Mark Zuckerberg speaks at the Facebook Communities Summit

CHICAGO —As Facebook approaches 2 billion users globally, CEO Mark Zuckerberg said the company is expanding its mission from connecting the world to getting users to engage with it more both on and offline.

“We’re going to change Facebook’s mission as a company… to not simply connect the world but bring people closer together,” Zuckerberg said during his keynote address at the Facebook Communities Summit in Chicago on Thursday.

To hear Zuckerberg tell it, people find self-fulfillment and support through communities, and through this new mission Facebook wants to give “every person” a sense of community. And given the ubiquity of Facebook one assumes he’s not talking about just his users, but literally every human being on the planet. In his vision, apps and online communities ultimately “make our physical communities stronger.”

But where did this new dedication to strengthening communities, using its Groups tool in particular, come from? It’s not necessarily growth — Chief Product Officer Chris Cox said during his remarks that of the billions of people who use Facebook, only 100 million were in active groups last year. And when Facebook shifted its attention to this somewhat neglected part of the platform, they were able to increase group memberships by 50%. That’s a huge bump — and Cox said it’s just the beginning. Cox outlined a wide range of new tools being made available to group administrators, making it easier to manage members and post content, among other things.

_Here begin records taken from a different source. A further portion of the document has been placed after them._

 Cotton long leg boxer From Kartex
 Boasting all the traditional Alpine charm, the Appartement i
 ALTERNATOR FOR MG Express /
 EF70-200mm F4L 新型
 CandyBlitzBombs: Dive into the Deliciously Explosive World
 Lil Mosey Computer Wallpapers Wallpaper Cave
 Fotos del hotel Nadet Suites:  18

“To many of us, Groups is the most interesting thing happening,” Cox said during the summit.

Facebook isn’t very forthcoming about how active Groups are as part of the platform. Their own numbers say “tens of millions” of people use them- which is no small number — but on the scale of such a huge platform it’s clearly not that a big part of its business.

Wherever Facebook’s attention has been over the years, Groups have remained an active — if overlooked — part of the platform. Multiple administrators shared their stories at the Summit of how they are able to create a space to do everything from building a support network for families of veterans to giving bird lovers a place to notify each other of rare sightings. Mom Groups provide a space for new parents to connect in their neighborhoods.

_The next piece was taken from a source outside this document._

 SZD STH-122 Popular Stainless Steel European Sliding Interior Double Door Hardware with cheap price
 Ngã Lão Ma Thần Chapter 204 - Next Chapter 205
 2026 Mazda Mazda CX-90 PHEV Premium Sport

This community aspect has always been there, and in a way this recommitment to Groups and building communities takes Facebook back to its origins.

“I originally started Facebook to connect my college community,” Zuckerberg said. “I always thought one day someone would connect the whole world, but I never thought it would be us.”

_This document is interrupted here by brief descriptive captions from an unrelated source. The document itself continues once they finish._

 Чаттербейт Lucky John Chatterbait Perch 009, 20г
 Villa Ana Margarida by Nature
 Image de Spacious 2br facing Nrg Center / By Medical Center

As it grew, the day-to-day activity of the average Facebook user has been more focused on activities that are technically social but are not community-oriented. Liking posts, documenting our daily lives, sharing links and scrolling through the never-ending feedback loop of Newsfeed are technically “social” activities. But we’re also seeing that the tendency of algorithms to only show us content we like is actually isolating us from people outside our “bubbles.”

That’s not to say that everything on Facebook is antisocial. Activists have been at the forefront of taking these social media tools and using them for social causes, as we’ve seen in movements across the world. It could be that Facebook’s recommitment to Groups is an acknowledgement of this, but also a more small-scale approach to community building. Protests are a good way to build political capital, but social capital in the traditional sense is built on a much smaller scale, through book clubs and bowling leagues.

There must be some business reasons behind this utopian commitment to community as well. Anecdotally, many people I know are getting turned off from Facebook over a combined concern over their own “bubbles” and general distaste for comment surfaced by its algorithm. After all, it’s easy to measure engagement, but it’s hard to measure how worthwhile a person feels a given piece of content is. Perhaps even more than media companies, Groups provide a very specific type of content to people who have opted in and are clearly interested. And if their users engage with this content even more, Facebook wins.

Either way, it will be interesting to see where this recommitment to Groups takes Facebook, given its other mission of connecting the world has it building drones to beam Internet down to unconnected areas. What happens when that amount of imagination and resources is deployed to help everyone from birders to new moms build stronger communities?